On Jun 3, 11:32 am, David Woolley <da...@ex.djwhome.demon.invalid>
wrote:
> skillz...@gmail.com wrote:
> > Has there been any independent comparison of NTP vs RADclock [1]?
> > Information on the RADclock site seem to indicate it performs pretty
> > well, but I haven't seen any analysis except from the RADclock
> > authors.
>
> This is the first I've heard of it, so I assume that it has never
> appeared on this newsgroup, and its authors are not active here.
>
> What really annoys me, though, is that it fails to describe the essence
> of the algorithm on the first page. That's par for the course for
> commercial software, but this says that it is open source.  Can you
> point me to where this information is provided (I think ntpd has a
> similar problem, though).

I've found it a little difficult to find this info as well.
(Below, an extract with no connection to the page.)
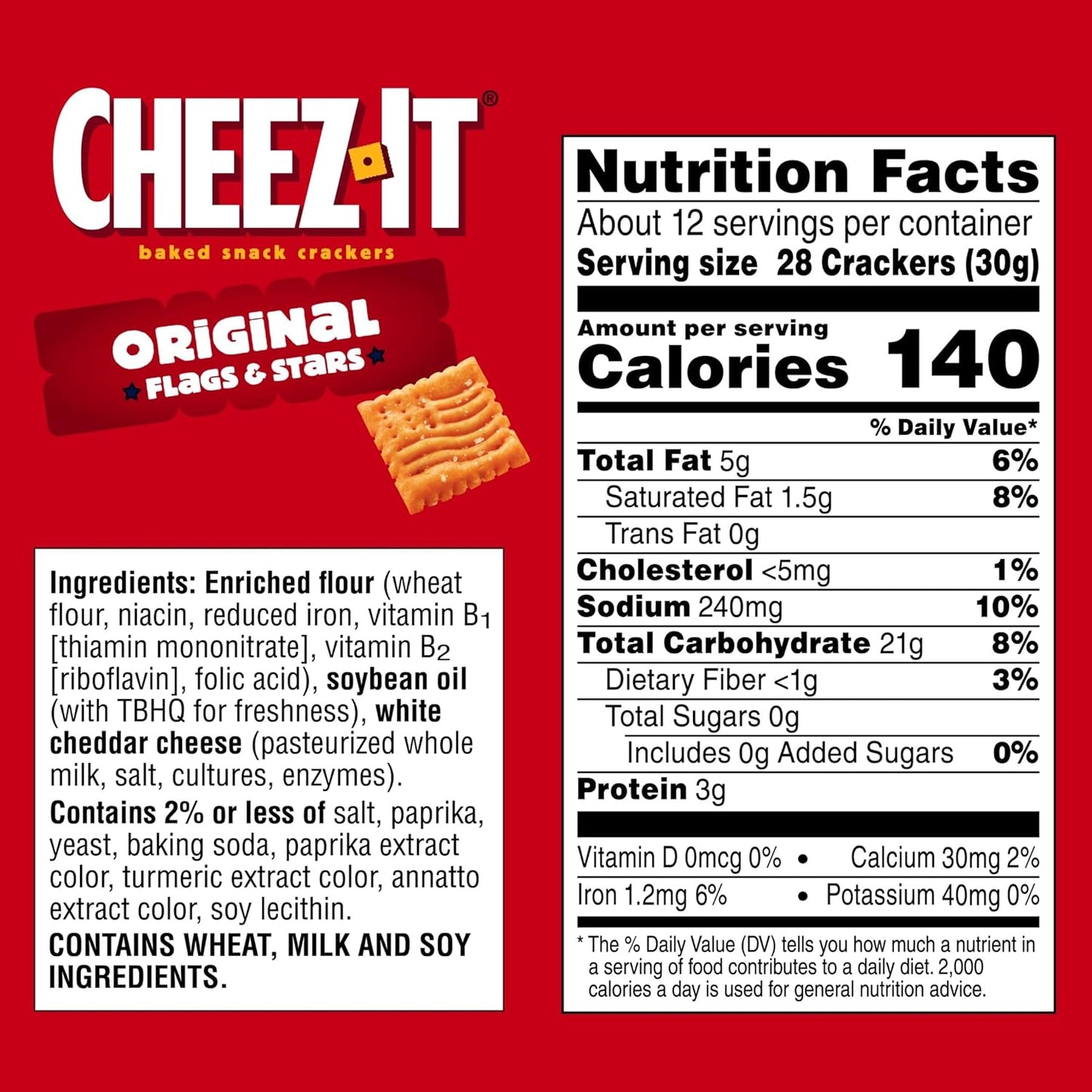 Cheez-It Baked Snack Crackers, July 4 Snacks, U.S. Soccer Sponsor, Flags and Stars, 12.4oz Box (1 Box)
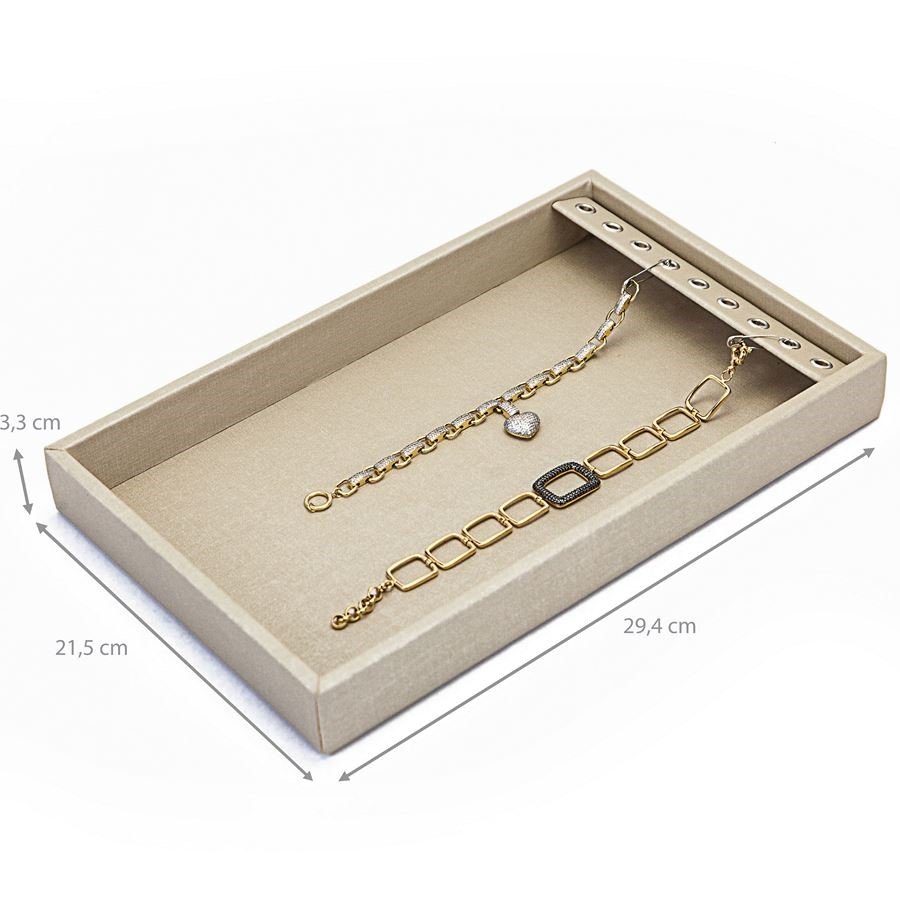 Bandeja Pequena Expositora para Correntes - 18x28,5x3,3 cm. Dunny Champagne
The main
advantages they talk about are absolute vs difference clocks (which
seems to be separating offset sync vs rate sync) and using a feed-
forward design (e.g. using raw processor ticks for calculations rather
than the result of previous sync adjustments). In terms of the network
protocol, it looks like it just uses NTP packets in the normal NTP
way.

It looks like the main documentation is the following PDF:

<http://www.cubinlab.ee.unimelb.edu.au/~darryl/Publications/
synch_ToN.pdf>

> > I'm using NTP today for synchronization between devices on a LAN to
> > each other of an internal clock separate from the system's normal wall
> > clock (which uses the system's NTP). So I have flexibility with update
> > intervals (1-3 seconds acceptable in my case) and other parameters.